Bunga IndONIA menjadi bunga referensi berbagai produk keuangan di Indonesia, termasuk bagi bank ketika mencari likuiditas segar dari pasar. Bila bunga di pasar makin mahal, maka itu akan berpengaruh pada bunga pinjaman.
Kenaikan bunga IndONIA itu terjadi bahkan ketika BI rate masih dipertahankan di 6,25%, menebalkan lagi dugaan bahwa bunga acuan de facto di Indonesia saat ini adalah bunga SRBI.
Sentimen Global
Untuk hari ini, pasar SBN mungkin masih akan mendapatkan angin segar dari perbaikan sentimen global.

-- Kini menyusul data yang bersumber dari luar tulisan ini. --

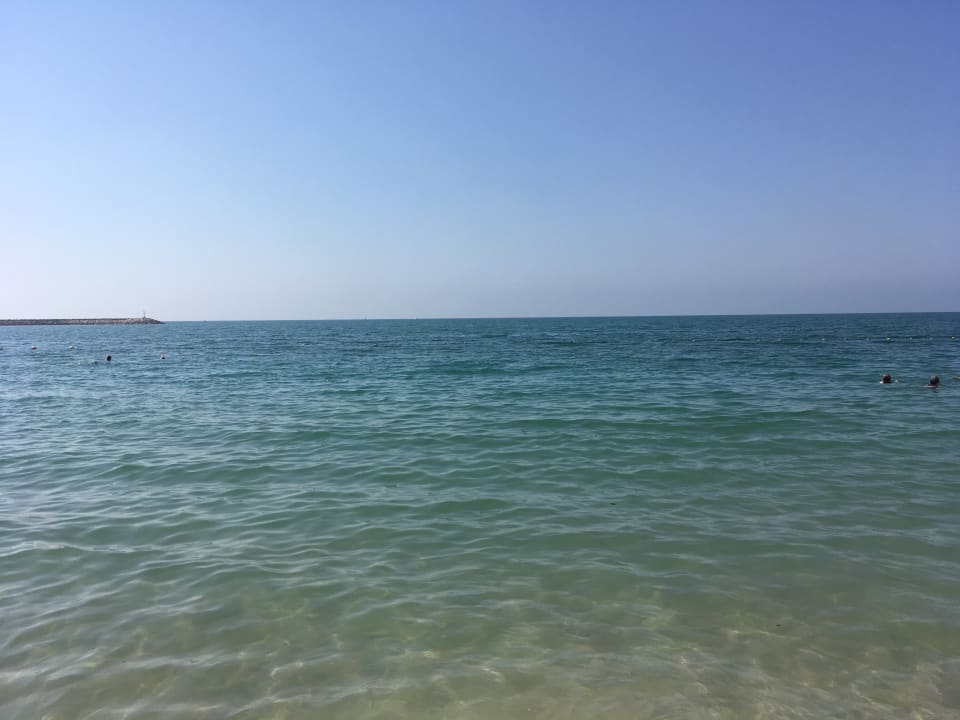 Strand Rixos Al Mairid Ras Al Khaimah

Perekonomian Amerika terlihat semakin melambat dan berpotensi mengalami resesi pada semester II-2024 nanti.
Sinyal resesi itu terlihat dari penurunan lagi PMI nonmanufaktur ISM ke zona kontraksi pada Juni di angka 48,80. Kontraksi PMI nonmanufaktur terjadi di hampir semua kategori di mana jumlah permintaan baru ada di 47,30, lalu rekrutmen pekerja di 46,10, begitu juga aktivitas bisnis ada di 46,10 pada Juni lalu.
Aktivitas ekonomi AS yang kian lemah itu menjadi kabar baik di telinga para pelaku pasar karena dinilai akan menjaga laju inflasi bulanan AS tetap rendah sehingga membuka peluang penurunan bunga The Fed lebih lebar tahun ini.
"Kami melihat situasi itu sebagai sentimen positif bagi pergerakan pasar SBN. Prediksi kami, yield 10Y INDOGB dan INDON berpotensi turun hari ini ke rentang 7,05-7,10% dan 5,20-5,25%," tulis tim riset Mega Capital Sekuritas Lionel Prayadi dan Nanda Rahmawati dalam catatannya pagi ini.
Yield FR0100 dan FR0098 juga berpeluang turun ke rentang 7,00-7,05%, diikuti yield FR0097 ke 7,05-7,10%. Kemudian FR0101 ke 6,90-6,95%, FR86 ke 6,60-6,65%. Namun, yield FR0102 kemungkinan bergerak sideways di rentang 7,10-7,15%.